Texto analisado: "Trem de ferro", poema de Manuel Bandeira
http://www.revista.agulha.nom.br/manuelbandeira04.html#trem

Como é costumeiro na produção poética literária, encontram-se no poema "Trem de ferro" exemplos da utilização de uma linguagem opaca, que chama atenção sobre si. A escolha das palavras, dos sons e das repetições possibilita ao leitor uma interpretação mais vívida do conteúdo.

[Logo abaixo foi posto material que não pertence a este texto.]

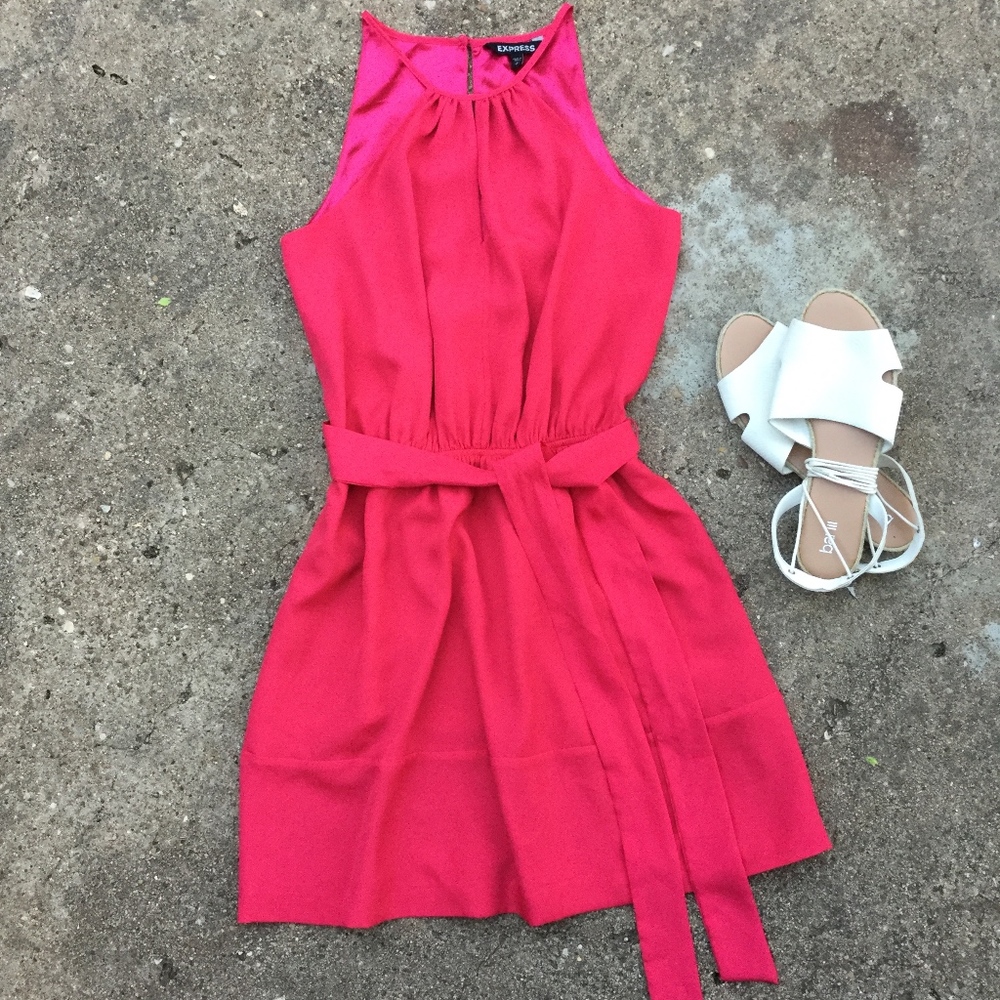 Express Hot Pink Halter Dress w/Pockets!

Manuel bandeira se apropriou da sonoridade das palavras para enriquecer e quase ilustrar o poema. Em um primeiro contato com o texto, não há nada no verso "Café com pão" que imediatamente direcione o pensamento a um trem, não há mesmo qualquer referência direta. No entanto, a repetição desse verso produz uma seqüência de sons oclusivos explosivos, que em alternância com sons fricativos, se assemelha ao barulho proveniente do deslocamento de uma locomotiva sobre os trilhos.

De mesma forma, há em outros versos uma série de sons consonantais (aliterações) capazes de imprimir à leitura uma cadência que sugere a idéia de deslocamento em diferentes velocidades. A repetição de "Muita força", por exemplo, se dá em um ritmo de leitura mais lento, como se representasse o deslocamento por um trajeto elevado, daí a necessidade de mais fogo na fornalha. Já as ocorrências de "Passa ponte / Passa poste / Passa pasto", entre outros, transmite a idéia de que um deslocamento mais veloz foi retomado e o trem passa ligeiramente pela paisagem.

Ainda explorando o âmbito da sonoridade, figura com certa freqüência no poema a repetição de sons vocálicos que parecem reproduzir, quase como onomatopéias, um apito de vapor — os versos "Oô..." — nos quais o próprio arredondamento dos lábios, necessário à emissão do som, lembra um movimento de sopro.

Além dos aspectos fonéticos, existe toda uma seleção vocabular, sobretudo na 3ª e 4ª estrofes, que além de conferir um aspecto de cantiga e folclore, é capaz de transportar o pensamento a uma paisagem interiorana, rural — na qual um trem costuma ser de grande valia.

Os estudos estruturalistas, sobretudo com Saussure, definem o signo lingüístico como arbitrário e convencional, isto é, não há influência direta do plano de expressão no plano de conteúdo. Contudo, houvesse o poeta escolhido outros sons e outra forma, o conteúdo do signo-texto poderia não ter sido tão claramente representado. Assim, encontra-se no poema "Trem de ferro" elementos como a sonoridade, indicativos de que pode haver motivação na relação significante/significado, conforme postulado por Jakobson e a linha formalista.

Agradecimentos à Professora Mariana Quadros e a paciência sem fim,
de quem rega pequenos brotos, poda galhos rotos
e nutre de doce seiva futuro jardim

3 comentários:

theduel disse...

ótimo o artigo me ajudou bastante em me trabalho vlw !!

Anônimo disse...

Puro OwN4G3!

Anônimo disse...

Obrigada, essa análise vai ajudar na minha aula com as crianças.